As is standard under European consumer protection and vehicle safety regulations, recall work will be carried out at no cost to the owner. Owners should not delay once they receive an official recall notification letter. The nature of this defect — intermittent, engine-dependent, and non-obvious — means a vehicle could appear perfectly normal right up until the moment it fails.
What Peugeot, DS, and Citroën Owners Should Do Right Now

If you own a Peugeot, DS, or Citroën vehicle registered in France, there are several immediate steps worth taking:
- Contact your nearest dealer with your VIN to ask whether your specific vehicle is included in the recall.
- Do not ignore a recall notification letter if one arrives — book your appointment promptly rather than waiting for a more convenient moment.
- In the interim, be aware of the risk. Test interior handles before relying on them, and be especially mindful if children are travelling in rear seats.
- Visit the official Stellantis recall portal or the French DGCCRF (Direction Générale de la Concurrence, de la Consommation et de la Répression des Fraudes) consumer safety database to check whether your registration appears on the affected vehicles list.

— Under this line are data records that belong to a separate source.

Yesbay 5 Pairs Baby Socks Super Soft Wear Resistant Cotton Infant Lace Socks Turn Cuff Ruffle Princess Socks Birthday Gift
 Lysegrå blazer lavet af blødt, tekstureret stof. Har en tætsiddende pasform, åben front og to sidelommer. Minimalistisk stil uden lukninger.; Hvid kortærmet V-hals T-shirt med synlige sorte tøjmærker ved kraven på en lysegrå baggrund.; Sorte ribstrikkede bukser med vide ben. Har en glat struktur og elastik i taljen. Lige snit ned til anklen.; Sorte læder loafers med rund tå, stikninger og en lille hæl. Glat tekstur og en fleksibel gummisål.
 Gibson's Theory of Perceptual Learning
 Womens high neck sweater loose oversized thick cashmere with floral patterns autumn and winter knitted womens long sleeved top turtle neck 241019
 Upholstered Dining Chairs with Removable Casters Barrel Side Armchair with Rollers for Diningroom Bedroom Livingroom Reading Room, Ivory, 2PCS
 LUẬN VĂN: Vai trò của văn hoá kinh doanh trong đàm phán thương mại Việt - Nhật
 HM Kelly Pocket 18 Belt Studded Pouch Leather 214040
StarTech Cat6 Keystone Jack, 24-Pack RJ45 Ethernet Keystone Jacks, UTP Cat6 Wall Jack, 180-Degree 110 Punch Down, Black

Do not assume you are unaffected simply because you have not yet experienced the fault. The defect may only present under particular conditions, and waiting for it to manifest is not a sensible approach.
The Bigger Picture: Recalls, Trust, and the Electronics Inside Modern Cars

This recall is a pointed reminder of something that does not get discussed often enough: modern vehicles are deeply reliant on electronic systems, and those systems can introduce unexpected failure modes into components that previous generations of drivers would never have imagined could go wrong electronically. A door handle was once a cable, a rod, and a latch. Today it can be part of a networked system that responds to signals from engine management software — and when that software misbehaves, the consequences can be stranger and more serious than a traditional mechanical fault.
Stellantis moving to address this through a formal recall is the correct response. But the situation does raise legitimate questions about how a fault affecting something as fundamental as a door handle passes through quality control and homologation in the first place. For Peugeot and DS — brands positioning themselves as refined and increasingly premium in the European market — a safety recall centred on a basic exit mechanism is a reputational challenge that cannot be brushed aside.
Across Europe, consumers are paying closer attention to how manufacturers handle defects: not just whether they issue a recall, but how quickly they act, how transparently they communicate, and how effectively the fix resolves the underlying problem. In that context, the speed and clarity of Stellantis’s response will matter almost as much as the technical solution itself.